Mr. Reyes was 8 years old when he discovered the wonders of the game in the Manila pool hall owned by his uncle, the most prosperous member of a rural family that had never had the luxury of an extra peso.
”I watched my uncle play, and I saw people giving him money,” Mr. Reyes said. ”I liked that.” He climbed onto a drink carton and started learning shots. No one taught him; he watched, he imitated, he began to win.
TO hear him tell his tales, it is hustling that has given him his greatest pleasures, a skill he began to perfect as a boy, beating all comers at his uncle’s tables.
He says he loves that slow, dawning moment when people realize that they have been had and that their money is in his pocket.
”Sometimes I meet a good player and he’s hustling me, too,” Mr. Reyes said with a grin. ”He’s stalling. I’m stalling. I don’t want to show my speed.”

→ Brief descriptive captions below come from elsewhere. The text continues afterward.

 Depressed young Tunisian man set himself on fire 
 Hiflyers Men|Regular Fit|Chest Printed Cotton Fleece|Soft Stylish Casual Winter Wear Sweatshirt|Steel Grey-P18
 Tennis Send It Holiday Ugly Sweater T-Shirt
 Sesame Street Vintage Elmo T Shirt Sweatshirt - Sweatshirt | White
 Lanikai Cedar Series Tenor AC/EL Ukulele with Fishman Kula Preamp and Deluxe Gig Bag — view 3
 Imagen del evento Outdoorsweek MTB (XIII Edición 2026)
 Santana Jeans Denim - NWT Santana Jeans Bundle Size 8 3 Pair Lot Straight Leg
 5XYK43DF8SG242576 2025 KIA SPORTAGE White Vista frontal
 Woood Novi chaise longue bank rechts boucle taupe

He spent his best pool years — between 18 and 24 — in lucrative obscurity. Then he suffered the worst fate the game can deliver to a hustler: he became famous.
”There’s this guy coming down from the mountains in Asia who can beat any American player,” he heard them saying. ”What’s the name? The name is Efren Reyes.”
So he quit billiards and took up a pool hall variation called carom ball until he became too good at that to find any takers. ”No more way to hustle,” he said. ”They all know me. Even in the mountains with no electricity.”
Almost as a last resort, he turned to international tournament play in 1985, at the age of 30. Even though his best years were behind him, he rose to the top.
This was a boon to his family, friends and hangers-on. In the Philippine tradition, Mr. Reyes said, he is now supporting more than 40 people — and still living among the chickens and fighting cocks at his family’s rural home.
In the limelight now, he earned a new nickname, the Magician, for his ability to visualize and execute extraordinary shots that took spectators by surprise. ”With my experience I can see every shot,” he said. ”If I’m in good condition, I can make it.”
He is also a disciplined player. Always take the easy shot, he said. ”I can make the hard shots, but not every time. Better to take the top shot.”
Like other great champions, he has another driving quality: he hates to lose.
It can be a little irritating to his friends. ”When we are playing mah-jongg, you will notice that if he is losing he will be in a bad mood,” said Lito Sagmit, a driver at a local casino. ”He will throw the bricks. He’ll say, ‘Here, take my seat.’ ”
Sometimes, before a big match, Mr. Reyes has a horrible dream. He dreams that he is losing. ”So the next day at the tournament I concentrate so that will not happen,” he said. ”I concentrate because I’m scared to lose.”
And if his awful dream comes true and he does lose, he said, ”I feel ashamed.”